**Required action**
Look through the material below and copy exactly the lines from the line with "JBL Boombox 3 Wi-Fi Bluetooth Speaker" to the line with "The retinol 0.5 Oil", those two lines included.

**Excerpted records**
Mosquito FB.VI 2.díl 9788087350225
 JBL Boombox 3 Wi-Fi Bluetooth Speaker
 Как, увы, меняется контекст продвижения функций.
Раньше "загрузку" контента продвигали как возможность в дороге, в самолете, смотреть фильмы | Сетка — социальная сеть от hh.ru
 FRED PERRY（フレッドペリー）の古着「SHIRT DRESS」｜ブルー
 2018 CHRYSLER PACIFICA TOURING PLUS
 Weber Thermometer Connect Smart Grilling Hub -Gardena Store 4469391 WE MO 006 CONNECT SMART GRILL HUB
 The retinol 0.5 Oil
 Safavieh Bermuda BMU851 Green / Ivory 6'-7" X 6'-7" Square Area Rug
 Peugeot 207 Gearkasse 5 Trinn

**Your response**
 JBL Boombox 3 Wi-Fi Bluetooth Speaker
 Как, увы, меняется контекст продвижения функций.
Раньше "загрузку" контента продвигали как возможность в дороге, в самолете, смотреть фильмы | Сетка — социальная сеть от hh.ru
 FRED PERRY（フレッドペリー）の古着「SHIRT DRESS」｜ブルー
 2018 CHRYSLER PACIFICA TOURING PLUS
 Weber Thermometer Connect Smart Grilling Hub -Gardena Store 4469391 WE MO 006 CONNECT SMART GRILL HUB
 The retinol 0.5 Oil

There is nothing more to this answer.